Denn ein gutes Mineralwasser stammt in der Regel aus etwa 100 Metern Tiefe und ist mehrere Jahrzehnte alt, bevor es in die Flasche kommt. „Wir trinken heute Wasser, das im letzten Jahrhundert in die Erde gesickert ist“, sagt der Wissenschaftler. Viele Jahre, in denen das Wasser auf dem Weg in die Tiefe Zeit hatte, Mineralstoffe aus den Gesteinsschichten zu lösen und aufzunehmen. Dabei hilft ihm das Kohlendioxid, das in der Eifel etwa aus 70 Kilometern Tiefe nach oben steigt. Mehr als 50 deutsche Wasser haben laut Sirocko reichlich Minerale plus die natürliche Quellkohlensäure intus. Andere Wässer dagegen sind mineralarm, weil sie durch unlösliche Gesteine fließen.

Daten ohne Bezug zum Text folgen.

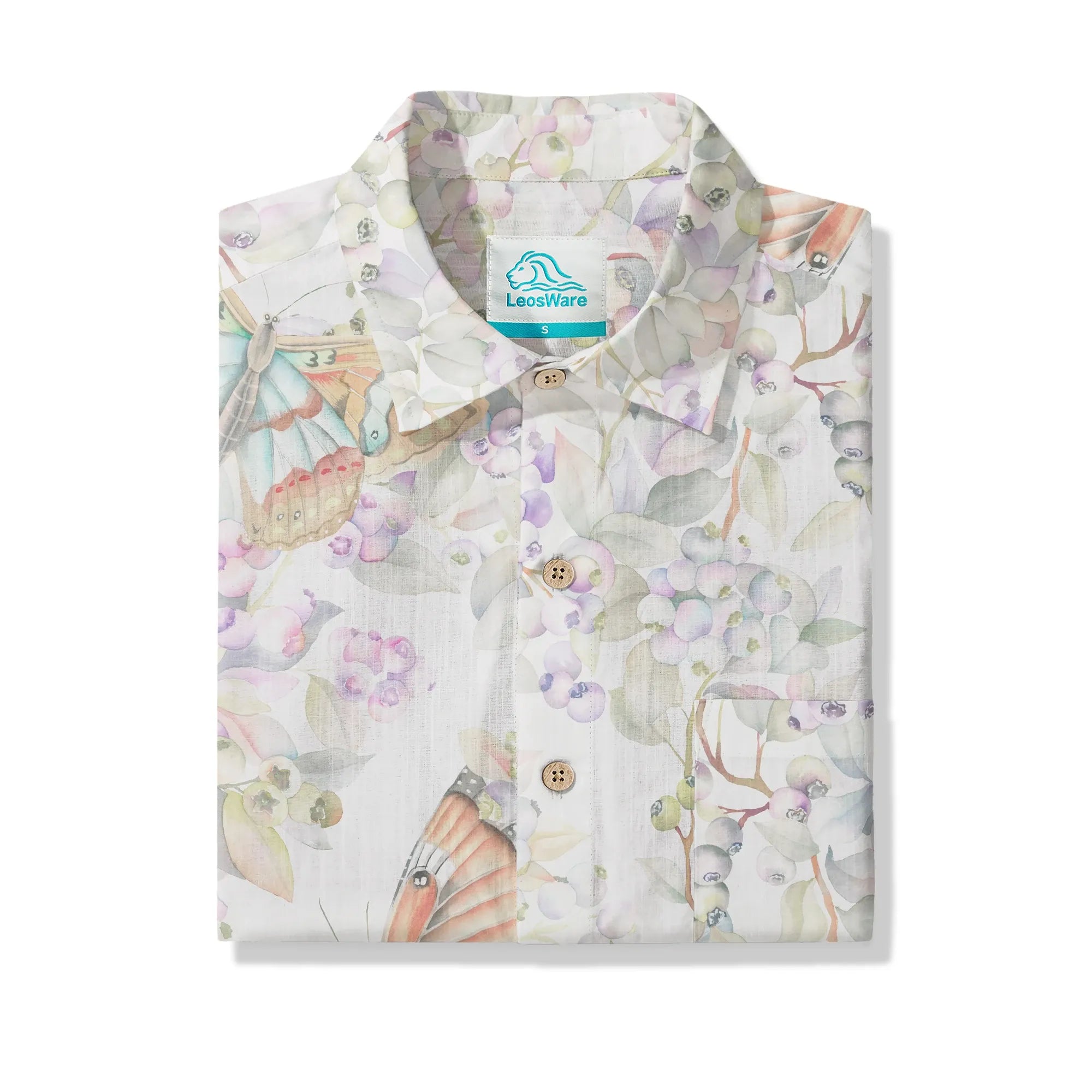 Butterflies & Berry Delight shirt, close-up of fabric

Klar, dass ein Wasser aus einem Vulkangestein anders schmeckt, als eines, das Sandböden oder Gipsschichten durchlaufen hat. „Das liegt an den unterschiedlichen Mineralien und Spurenelementen, die so vom Wasser aus dem Gestein herausgelöst wurden“, sagt Sirocko. So sei ein Wasser etwa aus der Vulkaneifel immer reich an Magnesium und Hydrogencarbonat - manche enthielten dazu noch Natrium und Calcium. Ein Wasser vom Mittelrhein biete oft viel Natrium und Chlor und eines von der Schwäbischen Alb reichlich Calcium und Sulfat. In Deutschland könnten nach seinen Forschungen zehn Mineralwassertypen unterschieden werden.

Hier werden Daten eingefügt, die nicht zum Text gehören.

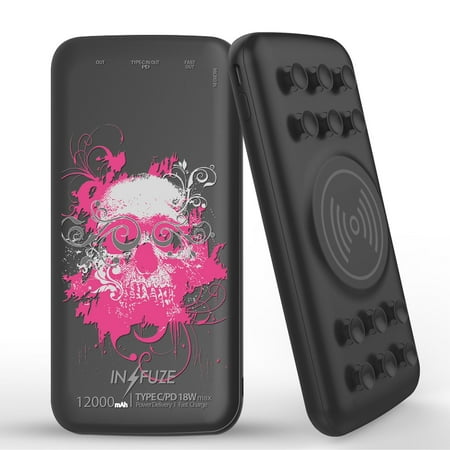 

INFUZE Qi Wireless Portable Charger for Samsung Galaxy A52 5G External Battery (12000 mAh 18W Power Delivery USB-C/USB-A 3.0 Ports Suction Cups) with Touch Tool - Pink Skull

Die hohe Anzahl der Quellen in Deutschland sei rund um den Globus besonders, sagt die Sprecherin des Verbandes Deutscher Mineralbrunnen (VDM), Meike Strenger, in Bonn. „Es gibt kein Land, das so reich ist an natürlichem Wasservorkommen wie Deutschland.“ So lange es regne, würden sie auch nicht versiegen. Die Quellen konzentrierten sich auf den Süden und Südwesten des Landes. „Das liegt an den geologischen Gegebenheiten.“ In Rheinland-Pfalz gebe es 22 Brunnen.
Mit einem Pro-Kopf-Verbrauch von gut 135 Litern im Jahr sei Mineral- und Heilwasser „das beliebteste Kaltgetränk“ der Deutschen, sagt Strenger. Mit seit Jahren steigender Tendenz: 1990 wurden gerade noch rund 83 Liter getrunken und 2000 gut 100 Liter. Laut VDM lag der Absatz von Mineral- und Heilwasser 2011 bei 10,1 Milliarden Litern bei einem Umsatz von gut 3,1 Milliarden Euro.

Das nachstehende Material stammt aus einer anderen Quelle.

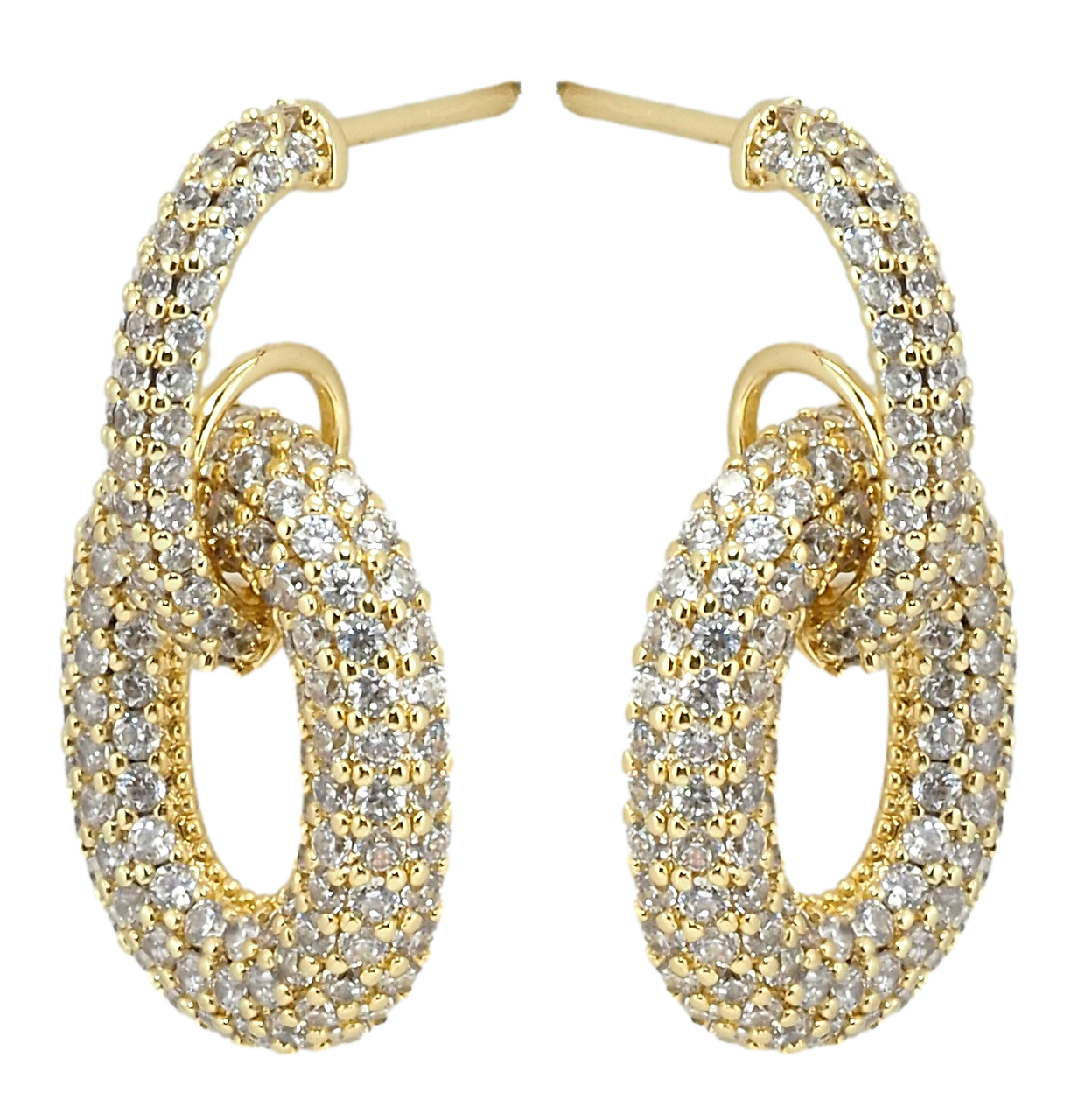 Сережки Xuping QQMM Позолота 14K пусети "Інкрустація цирконієм"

Der verschiedene Mineralien-Mix in den Wässern werde zunehmend von den Kunden bewusst eingesetzt, sagt Professor Sirocko. Eines mit viel Natrium und Magnesium nach dem Sport, ein ausgewogen mineralisiertes oder weiches zum Wein und eines mit Hydrogencarbonat bei Übersäuerung des Magens. „Die Konsumenten haben sich noch nie so sehr für Herkunft und Qualität von Produkten interessiert wie heute“, sagt der Marketing-Leiter bei Gerolsteiner, Marcus Macioszek.
Beim Gerolsteiner Brunnen, das sein Wasser aus 22 Quellen bezieht, werden pro Tag rund 3,8 Millionen Flaschen gefüllt. Für diese Region in der Eifel sei ein calcium- und magnesiumhaltiges Kalkgestein typisch, das dem Wasser „eine sehr schmackhafte Note“ verleihe, sagt Sirocko. Vor allem, weil es mit viel Hydrogencarbonat vulkanischen Ursprungs verbunden sei. 2011 setzte der Brunnen 6,1 Millionen Hektoliter ab. Vor Ort im Kurpark Gerolstein sprudelt die Helenenquelle mit Gerolsteiner Mineralwasser aus der Tiefe - und zieht Wasserfans an. „Ich komme hier jede Woche her, um mir mein Wasser abzufüllen“, sagt ein 73-Jähriger. Und er ist einer von vielen.